What you are asked to do:
Reproduce exactly the lines of this material that begin at the line with "No Smoking No" and end at the line with "Garden Vinyl: Personalized", both included. Omit the pictures and everything else.

Input records:
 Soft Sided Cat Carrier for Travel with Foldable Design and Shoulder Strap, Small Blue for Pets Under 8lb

==

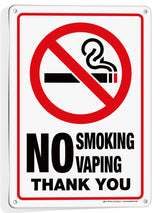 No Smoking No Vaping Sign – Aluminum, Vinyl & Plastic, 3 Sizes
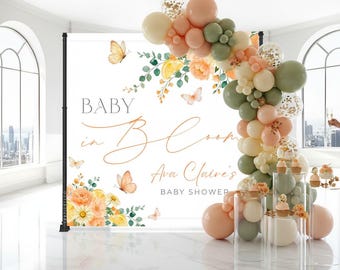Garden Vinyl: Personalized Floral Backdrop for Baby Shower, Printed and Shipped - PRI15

Task response:
 No Smoking No Vaping Sign – Aluminum, Vinyl & Plastic, 3 Sizes
Garden Vinyl: Personalized Floral Backdrop for Baby Shower, Printed and Shipped - PRI15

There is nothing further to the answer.